Status Quo und Wilko Johnsen Band (28.03.2014, London - Hammersmith bzw. Eventim Apollo, Siggi)
Ich geb ja zu, ich hab ne Weile überlegt ... Brauchen wir hier wirklich noch ein zweites Review zur gleichen Status-Quo-Tour? Maddin hat uns ja schon seine Eindrücke von Oberhausen vermittelt.
Die Antwort kann nur „Ja“ lauten, denn das, was sich in England, insbesondere im „Hammy“ abspielt, ist mit den Konzerten in Deutschland einfach nicht zu vergleichen. (Ich seh den Maddin schon mit den Augen rollen ...)
Der seit Oktober erwartete Tag war endlich gekommen... Wie schon im letzten Jahr wurde das Nötigste als Handgepäck zusammengestaucht und am 27. gings früh morgens in den Billigflieger. Unterkunft: ein kleines Apartment, ca. 10 Minuten Fußweg entfernt vom U-Bahnhof Hammersmith. Für den 28. war eigentlich noch ein bisschen Sightseeing eingeplant, aber als wir um ca. halb elf an der U-Bahn ankamen, blitzte der Gedanke auf: Lass uns doch mal kurz an der Halle vorbeischauen ... Man weiß ja nie, wer da gerade so rumläuft. Tja, und dann standen da schon etwa 10 Leute, darunter auch zwei liebe Bekannte. Also mal hin und “guten Tag” sagen ... Und dann stand irgendwie fest: „Wir gehen hier nicht mehr weg.“ Wie bekloppt muss man eigentlich sein, um sich mit 52 Jahren freiwillig über 8 Stunden vor Einlass vor eine Konzerthalle zu stellen? Nun, so sind sie halt, die Quo-Fans ...
Man muss dazu sagen, in England verläuft das Anstehen etwas als bei uns. Ein „Weggelaufen – Platz verkaufen“ gibts da nicht. Wenn man erstmal ne Weile da war, kann man ohne Weiteres auch mal für ne Stunde verschwinden und bekommt dann mit einer Selbstverständlichkeit seinen Platz zurück, an der man sich hierzulande ein Beispiel nehmen sollte. Wer später kommt und sich einfach nach ganz vorn stellt, wird auch ganz schnell zurück gepfiffen.
Wie auch immer, im Nachhinein hat sogar das Spaß gemacht, weil es jede Menge Gesprächsstoff gab. Schweißt ja auch irgendwie zusammen, wenn man sich gemeinsam die Beine in den Bauch steht.
Die Türen wurden sogar eine Viertelstunde früher als angekündigt geöffnet und wir konnten unsere heißersehnten Plätze direkt vor Bühne ergattern.

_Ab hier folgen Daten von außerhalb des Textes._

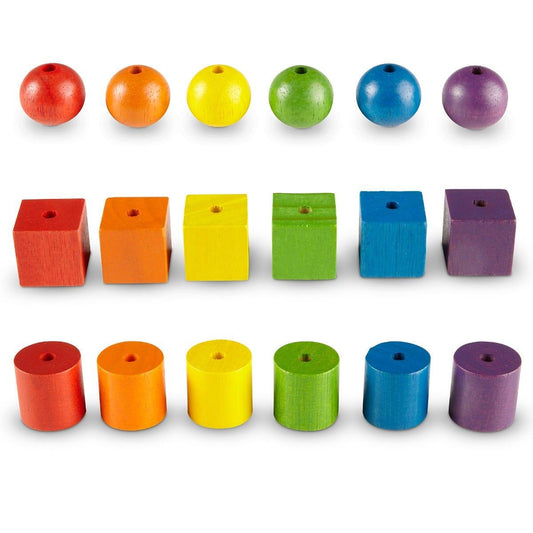 Set de margele si carduri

In Deutschland stehen wir immer in der ersten Reihe, aber das hier war London! Das hier war das Hammersmith Apollo! (Das inzwischen in „Eventim Apollo“ umbenannt wurde, aber wen interessiert das schon?)
Diese wunderschöne Location in der Form eines alten Theaters, in warmen Farben, mit Balkon und Kronleuchtern, muss man mal gesehen haben. Wenn ich da an die O2 World in Berlin denke, wo das erste Konzert dieser Tour stattgefunden hat, was hatte sich der Veranstalter bloß dabei gedacht?
Los gings dann mit der Wilko Johnson Band. Gar nicht mal schlecht, aber leider war der Sound für uns ziemlich mies. Das sind halt die Abstriche, die man meist auf den vorderen Plätzen machen muss. Wenn der Bass teilweise lauter zu hören ist als der Gesang, klingt das schon ein bisschen seltsam. Überrascht hat uns, wie schon die Supportband vom Publikum abgefeiert wurde, da war mehr Stimmung als in Berlin bei Quo! Trotzdem, eine Band wie im letzten Jahr The Treatment wäre mehr nach meinem Geschmack gewesen.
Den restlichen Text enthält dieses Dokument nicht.